In Indiana, Gov. Mitch Daniels on Jan. 11 rescinded the collective bargaining rights and contracts of 23,000 state employees, including 14,000 workers represented by the Unity Team, a joint local of the AFT and the United Auto Workers.
Indiana state employees gained collective bargaining rights in 1989 through an executive order signed by Gov. Evan Bayh. Every governor since then has honored that order, which permits them to negotiate pay, benefits and work rules.
Daniels declined to renew the order, however, and also issued executive orders invalidating existing labor agreements scheduled to run through June 2007.
Gov. Daniels’ action affects some 35,000 executive branch employees, two-thirds of whom are represented by unions.
“This is a dark day for the people of Indiana,” said AFT president Edward J. McElroy. “Collective bargaining is a process that benefits taxpayers as much as it does state employees. It brings with it higher quality services, more efficient government and improved quality of life for all of Indiana’s citizens. Gov. Daniels’ move is a leap in the wrong direction.”
Missouri’s new Republican Gov. Matt Blunt also repealed his predecessor’s executive order granting bargaining rights to state employees. In 2001, Democratic Gov. Bob Holden issued an order giving some Missouri state employees the right to union representation for contract negotiations. Holden’s order was not fully implemented, and if it had remained, it also would have permitted unions to collect fair share fees from workers they represented.
About 9,000 state employees in Missouri are represented by the American Federation of State, County and Municipal Employees and the Service Employees International Union. While the unions can still represent employees, there is no guaranteed collective bargaining process, reports the St. Louis Post-Dispatch.
Union negotiators share experiences, gain insight
More than 120 negotiators and staff representing all AFT constituency groups met in early December for a three-day conference on bargaining contracts.
Held at the Robert M. Healey Center at the Illinois Federation of Teachers, the workshops and presentations focused on the craft of negotiations and strategies for bargaining issues such as health insurance, performance pay, seniority and privatization.
AFT president Edward J. McElroy addressed participants, assuring them that they can count on AFT support when they go to the bargaining table. Preserving healthcare benefits, good salaries—and even the fundamental right to bargain—depends to a large degree on unions’ ability to safeguard collective bargaining rights won through often hard-fought political battles, said McElroy.

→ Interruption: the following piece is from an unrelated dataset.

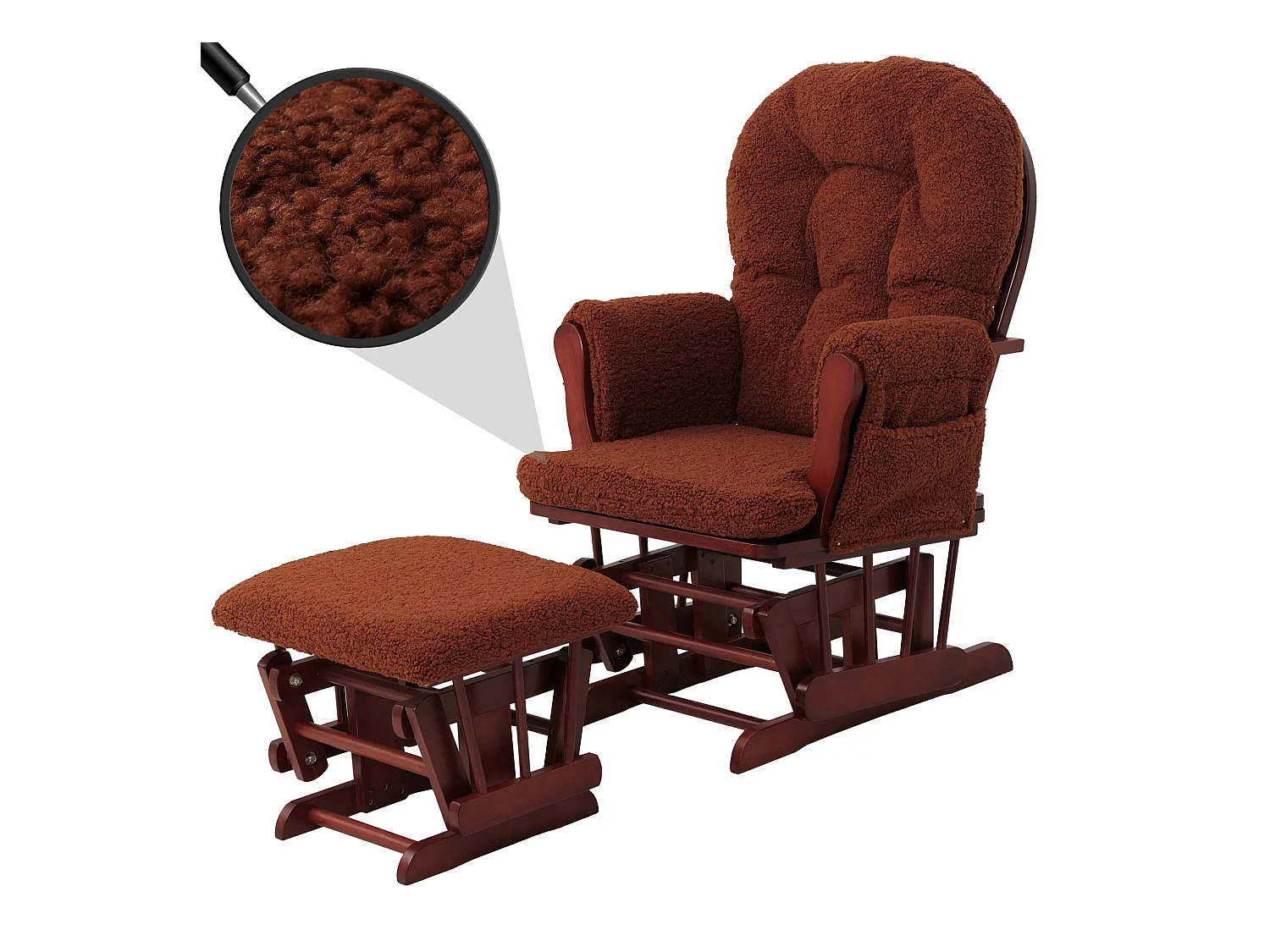 Fauteuil de relaxation MCW-C76,  brun rouille Bâti foncé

G. Richard Shell, a professor in the Wharton School at the University of Pennsylvania and director of Wharton’s Executive Negotiation Workshop, opened the conference with a presentation based on his book, Bargaining for Advantage. Shell helped participants assess their bargaining styles, and provided techniques and strategies to use at the bargaining table.

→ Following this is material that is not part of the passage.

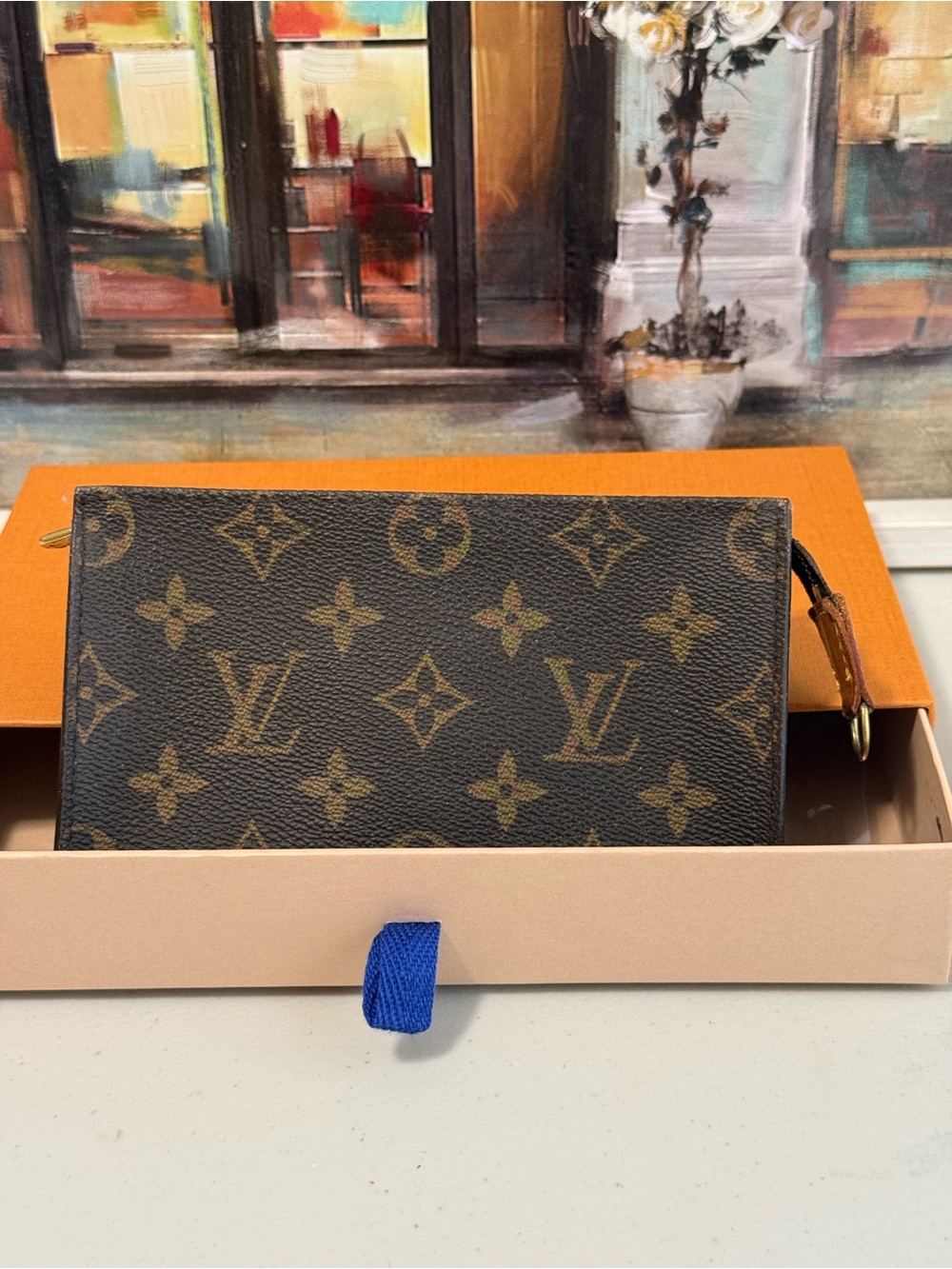 Louis Vuitton Monogram Canvas Pouch with Box in Brown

In planning the bargaining conference, Lynne Mingarelli from the AFT Center for Collective Bargaining worked closely with liaisons from the AFT’s constituency divisions as well as AFT staff. In addition, an advisory group of veteran negotiators provided ideas and suggestions. Bargaining issues unique to the various AFT constituencies were addressed by providing opportunities for negotiators to meet with liaisons from the AFT’s public employee, healthcare, higher education and PSRP divisions.